If investors had some comprehension regarding the impact of FX rates on the market before, they now fully understand the importance of this variable. The weakness of the pound has been a semi-permanent feature of market dynamics for an extended period, certainly since the country decided to leave the EU in June 2016. Whilst the UK market temporarily sold off back then, it was soon fighting back largely on the back of said weak pound (further weakened incidentally by an emergency rate cut by the BOE the following August) as many of the FTSE 100 blue chip companies earn significant amounts of their profits overseas. Once such earnings are translated (switched) back into pounds, large increases in profits have been seen. It was rewarding to be calling clients post the Brexit vote last year to advise of meaningful increases in value reference some elements of their portfolios at a time when many were too afraid to turn on their screens.
I mention ‘some’ elements of portfolios with honesty as other sectors have not enjoyed the weak pound environment ; retailers in particular have struggled as import costs have risen, putting (profit) margins under pressure. In fact any business with non sterling costs has been having a tough time because without raising prices (something customers never take kindly too), making money becomes harder.

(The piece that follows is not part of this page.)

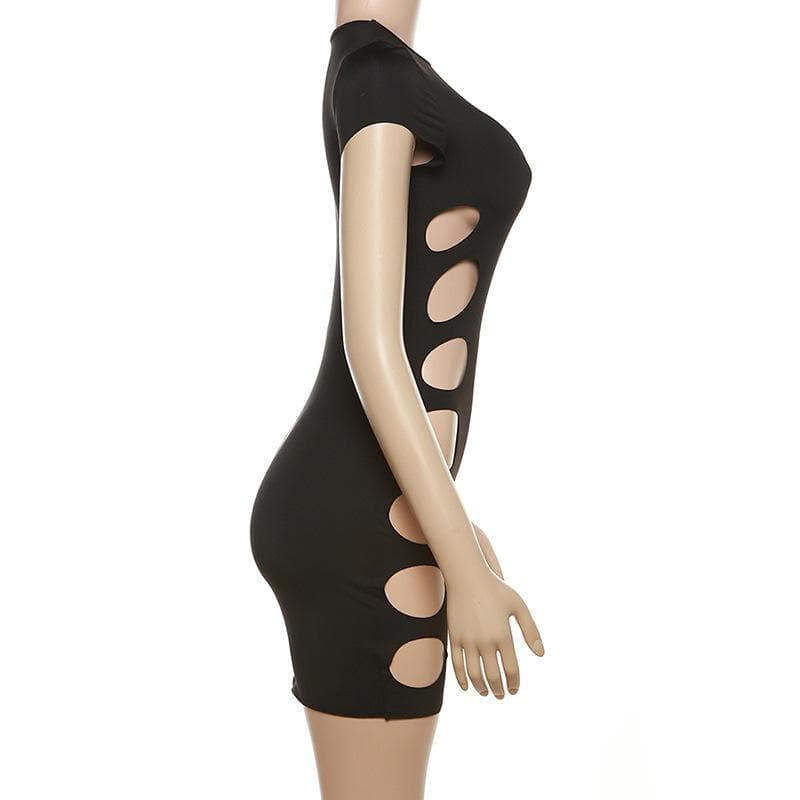 Crewneck Cap Sleeve Hollow Out Solid Cut Out Mini Dress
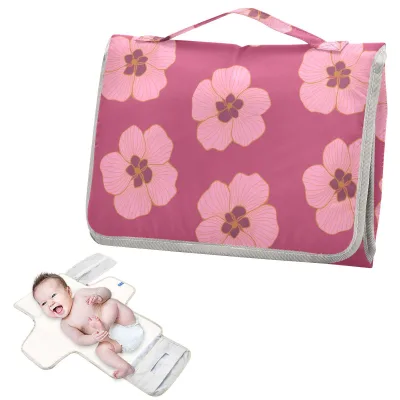 Hawaiian Pink Hau Flower Portable Newborn Waterproof Baby Changing Mat Custom Infant Foldable Travel Changing Pad with Logo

So it has been of particular interest over the past 10 days to witness a meaningful leap in the value of the pound fuelled by the BOE making the case for a rate rise possibly in November, certainly by February next year. Largely due to inflation running over 3% (possibly also linked to low levels of unemployment), it seems increasingly likely that a quarter per cent base rate hike (back to 0.5%) could soon be seen. Some feel the UK economy is strong enough to absorb this lift in borrowing costs which after all, will only take us back to the pre Brexit vote level. Some believe the emergency rate cut after the Brexit vote was unnecessary in any case; the central bank would argue because of it, the economy has been protected throughout a very difficult period. But the generally accepted thought process is that without tightening policy sometime soon, it will mean aggressive tightening will be required in short order in the future. A slow and measured pace of lifting rates will be more palatable to all; delaying brings about greater eventual risk: at least that is the theory.
The shift in belief regarding the direction of monetary policy has brought about a rally in the pound. We have accordingly seen international earners (many in the FTSE 100) retrace and retailers (for example) move significantly higher in a reversal of the trend that has for so long been in place. Marks & Spencer Group (349p) shares for example are 7.5% higher since the 14th September. Banking stocks are also trading higher as net interest margins will improve in the event of a rate rise (and possibly further rate rises). Lloyds Banking Group (66.4p) stock is 4% higher now than it was on 14th September (the date at the BOE minutes). The larger market weighting of the ‘dollar earning’ companies has meant the FTSE 100 index has been slipping, certainly struggling to move materially higher as a tug of war is underway between weak pound (low rates) and stronger pound (higher rates) beneficiaries.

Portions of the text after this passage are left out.